Data for analysis:
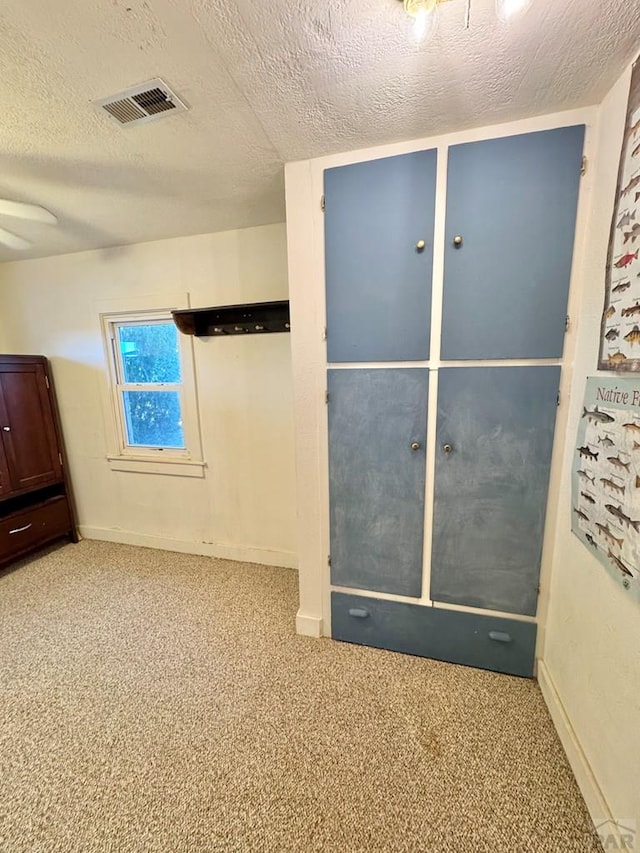 unfurnished room featuring a textured ceiling, carpet floors, visible vents, and baseboards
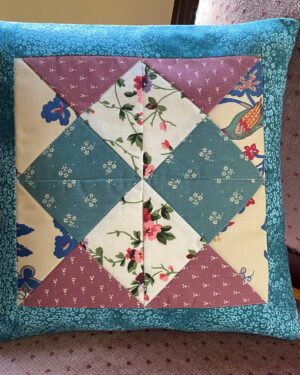 patchwork cushion measuring 35 cm square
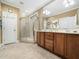Bathroom featuring a glass shower, double vanity sinks, and tile flooring at 1428 Heritage Links Dr, Wake Forest, NC 27587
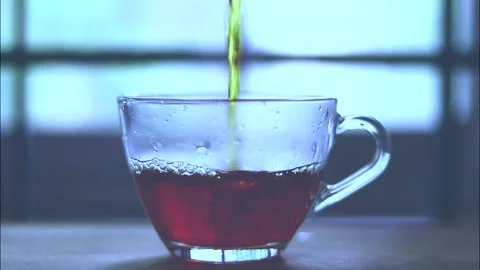 Tea into glass tea cup Stock Footage 156079753
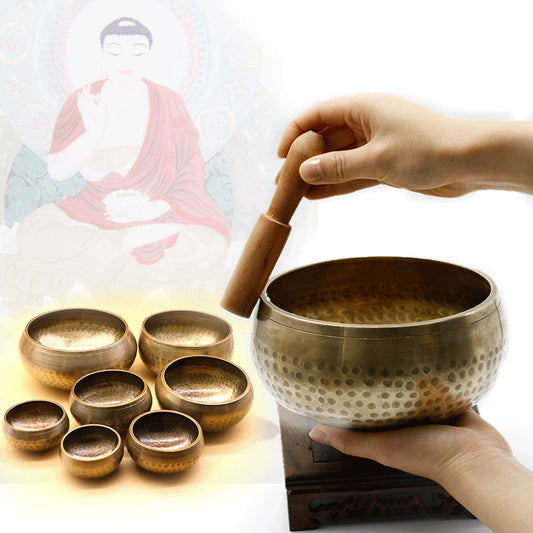 Tibetan singing bowls with a hand holding a mallet, blurred Buddha statue in the background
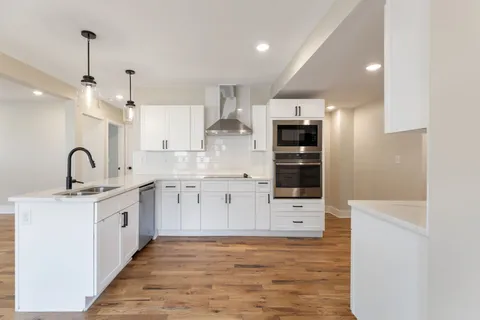 a large kitchen with stainless steel appliances a large counter top a stove and a refrigerator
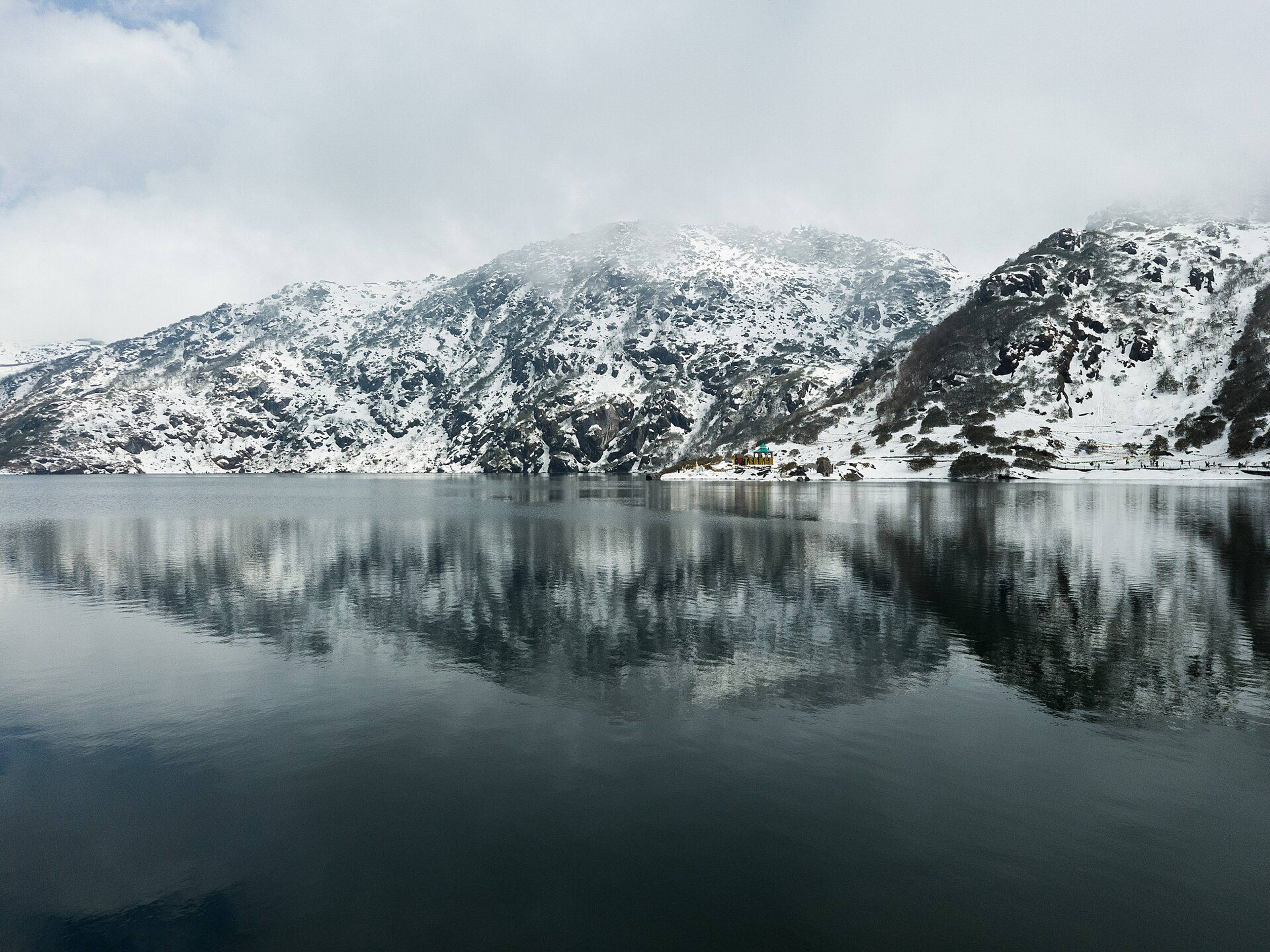 Tsomgo Lake below bare mountain slopes in East Sikkim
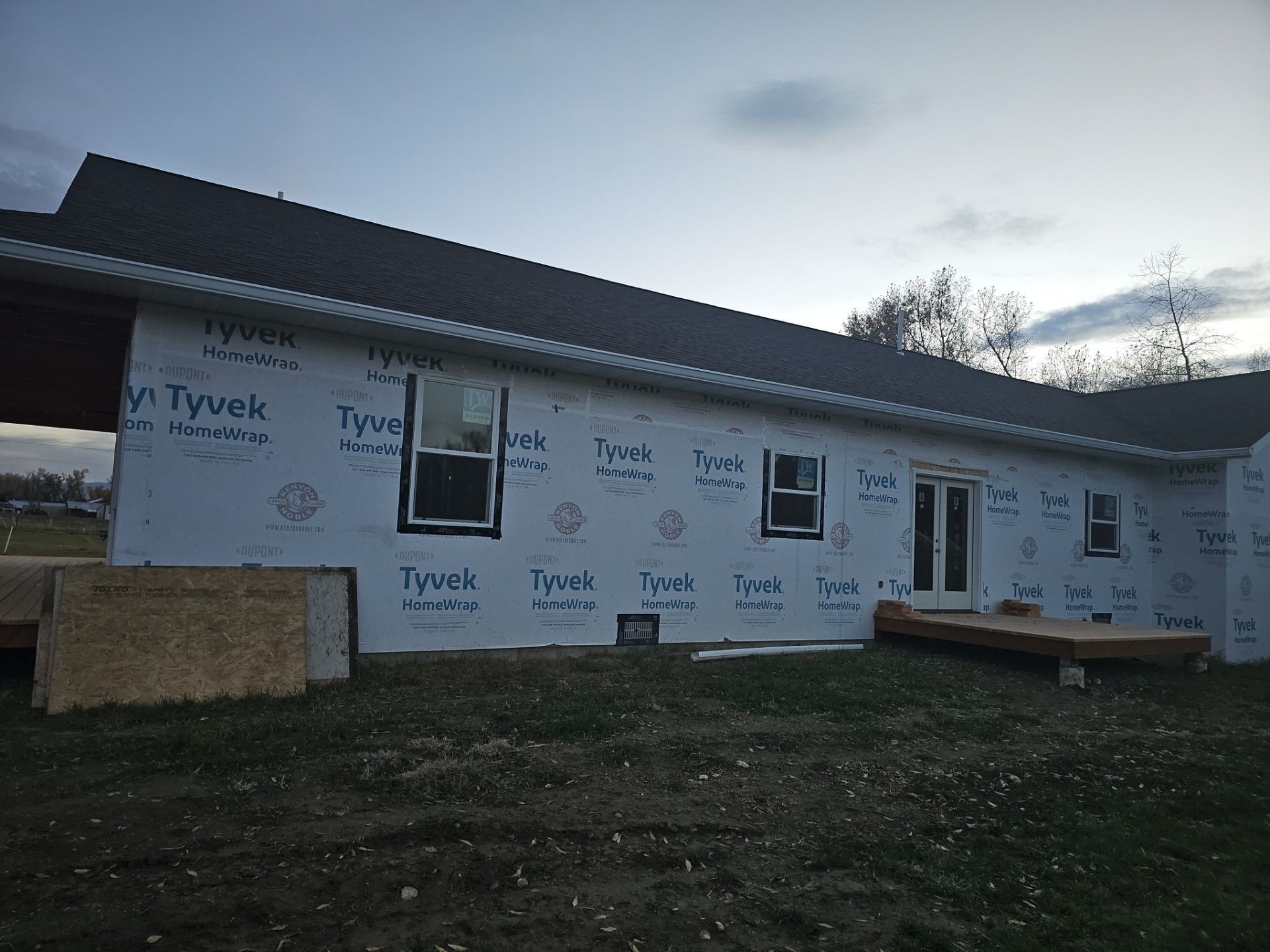 A house under construction with white Tyvek siding, a dark roof, two windows, and a set of exterior doors.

The problem:
Set down exactly, and only, the lines from the one containing "Tibetan singing bowls" through the last line of the entries. Pictures do not belong in the copy.

Your response:
 Tibetan singing bowls with a hand holding a mallet, blurred Buddha statue in the background
 a large kitchen with stainless steel appliances a large counter top a stove and a refrigerator
 Tsomgo Lake below bare mountain slopes in East Sikkim
 A house under construction with white Tyvek siding, a dark roof, two windows, and a set of exterior doors.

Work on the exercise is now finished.